The task: Which lines of the entries below hold the word "Mercedes"? Report each of them.

Crawled caption data:
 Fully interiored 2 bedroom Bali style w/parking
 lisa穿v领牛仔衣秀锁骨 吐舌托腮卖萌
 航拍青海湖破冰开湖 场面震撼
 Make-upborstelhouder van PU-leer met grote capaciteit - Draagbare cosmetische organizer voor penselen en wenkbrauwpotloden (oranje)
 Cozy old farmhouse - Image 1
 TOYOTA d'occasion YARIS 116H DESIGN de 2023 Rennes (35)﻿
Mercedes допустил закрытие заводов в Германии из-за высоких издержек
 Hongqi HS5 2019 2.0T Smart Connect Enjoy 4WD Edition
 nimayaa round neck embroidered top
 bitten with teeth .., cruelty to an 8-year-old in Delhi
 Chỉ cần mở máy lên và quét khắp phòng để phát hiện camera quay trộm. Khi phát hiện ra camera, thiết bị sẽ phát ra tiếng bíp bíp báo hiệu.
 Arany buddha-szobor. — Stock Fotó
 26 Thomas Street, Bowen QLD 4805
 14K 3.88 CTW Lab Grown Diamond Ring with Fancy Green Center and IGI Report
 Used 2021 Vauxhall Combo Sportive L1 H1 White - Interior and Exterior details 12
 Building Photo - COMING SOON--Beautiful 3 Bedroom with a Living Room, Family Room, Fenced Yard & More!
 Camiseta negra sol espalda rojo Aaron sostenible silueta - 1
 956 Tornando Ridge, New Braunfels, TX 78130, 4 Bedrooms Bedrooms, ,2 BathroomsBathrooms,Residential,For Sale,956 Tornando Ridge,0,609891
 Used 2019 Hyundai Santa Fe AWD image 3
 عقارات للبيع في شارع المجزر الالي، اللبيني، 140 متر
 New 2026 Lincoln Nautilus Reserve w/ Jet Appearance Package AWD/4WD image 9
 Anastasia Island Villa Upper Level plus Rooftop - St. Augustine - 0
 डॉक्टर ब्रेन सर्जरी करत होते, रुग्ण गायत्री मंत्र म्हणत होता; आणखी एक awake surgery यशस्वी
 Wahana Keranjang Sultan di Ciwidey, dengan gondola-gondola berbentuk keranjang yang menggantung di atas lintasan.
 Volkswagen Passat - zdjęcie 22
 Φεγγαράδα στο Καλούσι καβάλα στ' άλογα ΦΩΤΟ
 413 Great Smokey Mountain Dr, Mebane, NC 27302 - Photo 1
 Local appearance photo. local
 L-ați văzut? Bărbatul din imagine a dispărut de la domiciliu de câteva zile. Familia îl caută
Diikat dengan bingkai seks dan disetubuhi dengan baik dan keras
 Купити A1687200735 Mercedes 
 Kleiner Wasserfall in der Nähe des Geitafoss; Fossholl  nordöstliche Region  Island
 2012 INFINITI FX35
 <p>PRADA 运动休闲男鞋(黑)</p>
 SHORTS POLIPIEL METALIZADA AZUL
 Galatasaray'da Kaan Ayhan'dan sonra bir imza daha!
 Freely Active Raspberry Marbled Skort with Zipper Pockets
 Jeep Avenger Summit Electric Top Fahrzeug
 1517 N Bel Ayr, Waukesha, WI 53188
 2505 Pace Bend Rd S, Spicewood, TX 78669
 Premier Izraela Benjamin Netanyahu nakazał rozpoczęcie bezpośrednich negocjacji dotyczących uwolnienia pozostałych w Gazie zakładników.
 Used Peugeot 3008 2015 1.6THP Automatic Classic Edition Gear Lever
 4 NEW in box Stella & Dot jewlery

The answer:
Mercedes допустил закрытие заводов в Германии из-за высоких издержек
 Купити A1687200735 Mercedes 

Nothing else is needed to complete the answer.